» **About this task**: Start with the first line of the data and end with the line that holds "Bedazzling Kit 40000Pcs"; write out each one exactly.

++++ Input data ++++

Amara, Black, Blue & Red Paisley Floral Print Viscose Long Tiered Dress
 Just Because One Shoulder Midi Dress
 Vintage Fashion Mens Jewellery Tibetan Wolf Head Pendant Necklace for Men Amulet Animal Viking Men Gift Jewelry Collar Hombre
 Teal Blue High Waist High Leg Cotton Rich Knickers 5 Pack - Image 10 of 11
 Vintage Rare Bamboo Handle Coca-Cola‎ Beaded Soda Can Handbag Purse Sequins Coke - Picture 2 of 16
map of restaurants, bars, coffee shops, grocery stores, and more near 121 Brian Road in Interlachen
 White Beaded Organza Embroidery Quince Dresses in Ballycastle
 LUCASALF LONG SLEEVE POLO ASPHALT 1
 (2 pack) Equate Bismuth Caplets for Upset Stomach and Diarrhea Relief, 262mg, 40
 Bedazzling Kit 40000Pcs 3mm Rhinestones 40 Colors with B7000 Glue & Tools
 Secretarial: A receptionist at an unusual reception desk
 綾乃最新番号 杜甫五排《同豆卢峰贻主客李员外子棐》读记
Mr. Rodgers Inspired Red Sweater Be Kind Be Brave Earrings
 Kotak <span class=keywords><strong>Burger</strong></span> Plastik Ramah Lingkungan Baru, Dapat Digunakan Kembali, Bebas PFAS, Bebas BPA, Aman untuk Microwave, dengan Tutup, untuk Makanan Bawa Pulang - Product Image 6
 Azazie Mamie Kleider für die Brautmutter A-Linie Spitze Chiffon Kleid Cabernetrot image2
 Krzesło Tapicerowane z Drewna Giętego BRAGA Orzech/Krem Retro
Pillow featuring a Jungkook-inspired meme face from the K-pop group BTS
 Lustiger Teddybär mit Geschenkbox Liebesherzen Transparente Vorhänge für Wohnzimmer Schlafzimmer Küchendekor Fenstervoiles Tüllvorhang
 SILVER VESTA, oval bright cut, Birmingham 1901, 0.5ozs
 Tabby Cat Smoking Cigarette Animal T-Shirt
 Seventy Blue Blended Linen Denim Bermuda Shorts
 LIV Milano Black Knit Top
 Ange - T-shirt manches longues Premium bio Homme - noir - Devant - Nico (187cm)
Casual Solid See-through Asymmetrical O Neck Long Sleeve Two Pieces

++++

» **Answer box**:
Amara, Black, Blue & Red Paisley Floral Print Viscose Long Tiered Dress
 Just Because One Shoulder Midi Dress
 Vintage Fashion Mens Jewellery Tibetan Wolf Head Pendant Necklace for Men Amulet Animal Viking Men Gift Jewelry Collar Hombre
 Teal Blue High Waist High Leg Cotton Rich Knickers 5 Pack - Image 10 of 11
 Vintage Rare Bamboo Handle Coca-Cola‎ Beaded Soda Can Handbag Purse Sequins Coke - Picture 2 of 16
map of restaurants, bars, coffee shops, grocery stores, and more near 121 Brian Road in Interlachen
 White Beaded Organza Embroidery Quince Dresses in Ballycastle
 LUCASALF LONG SLEEVE POLO ASPHALT 1
 (2 pack) Equate Bismuth Caplets for Upset Stomach and Diarrhea Relief, 262mg, 40
 Bedazzling Kit 40000Pcs 3mm Rhinestones 40 Colors with B7000 Glue & Tools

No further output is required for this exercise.